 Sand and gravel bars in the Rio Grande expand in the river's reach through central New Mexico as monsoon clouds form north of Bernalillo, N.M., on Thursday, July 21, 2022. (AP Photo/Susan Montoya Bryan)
==========
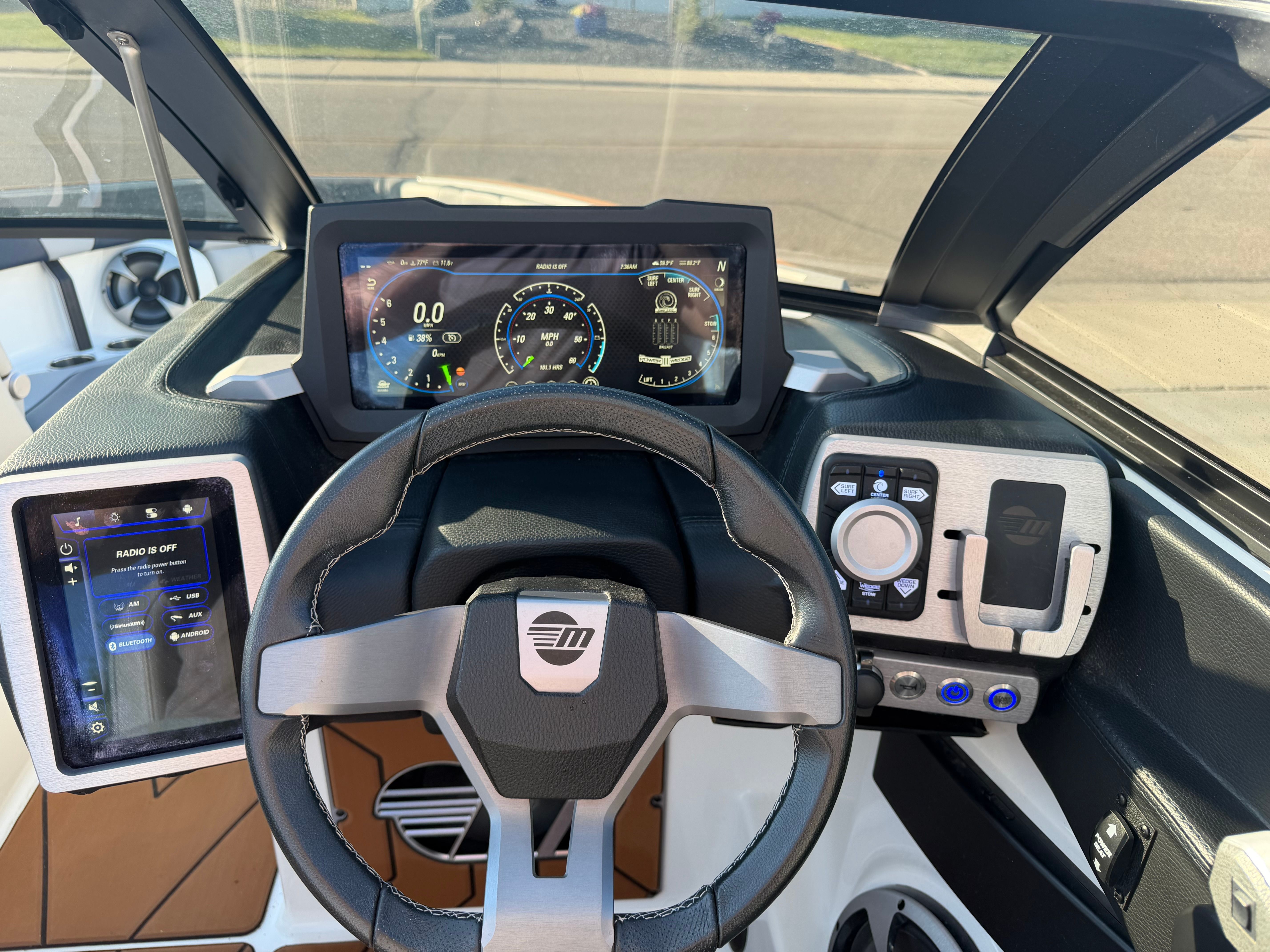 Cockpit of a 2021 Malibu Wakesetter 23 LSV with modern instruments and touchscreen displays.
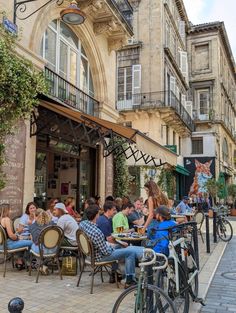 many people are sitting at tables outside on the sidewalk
==========
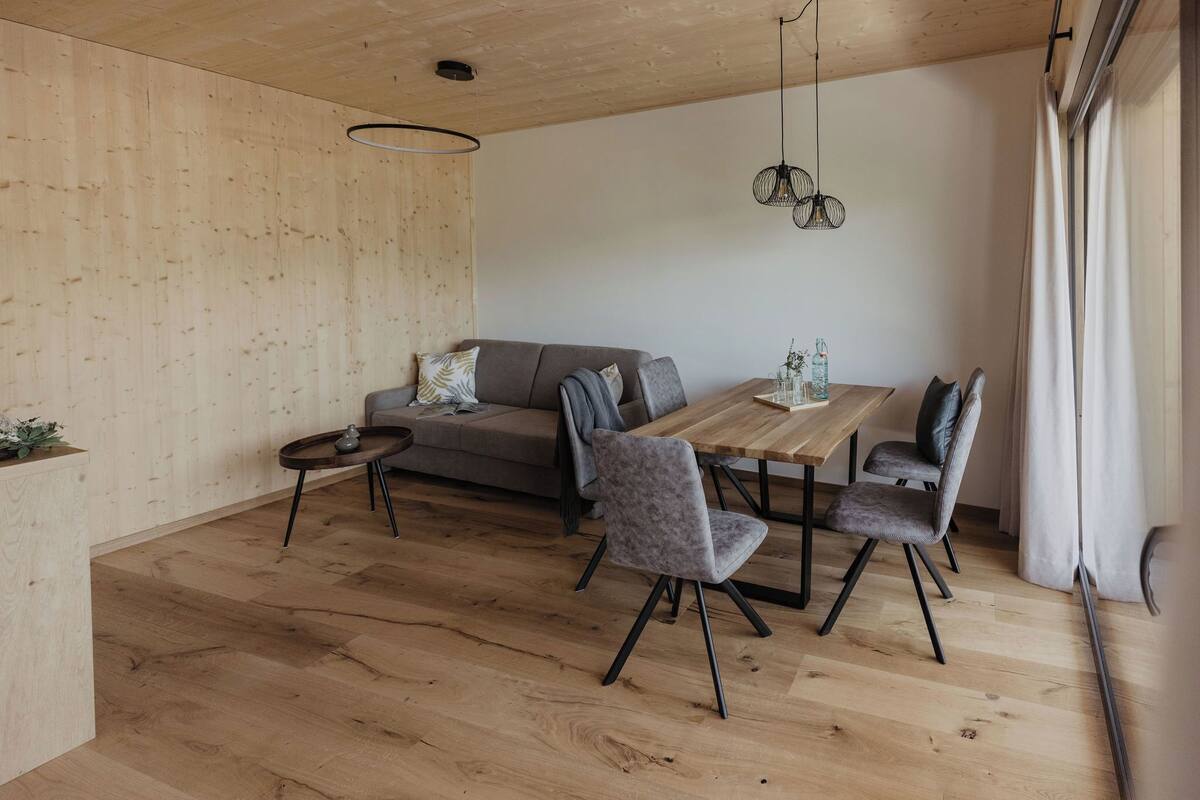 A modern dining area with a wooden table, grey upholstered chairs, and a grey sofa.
==========
PROMPT: Using the data above, output the line that has "Cockpit of a", the line that has "many people are", and whatever lines fall between, each exactly as it stands and without pictures.

SOLUTION BELOW:
 Cockpit of a 2021 Malibu Wakesetter 23 LSV with modern instruments and touchscreen displays.
 many people are sitting at tables outside on the sidewalk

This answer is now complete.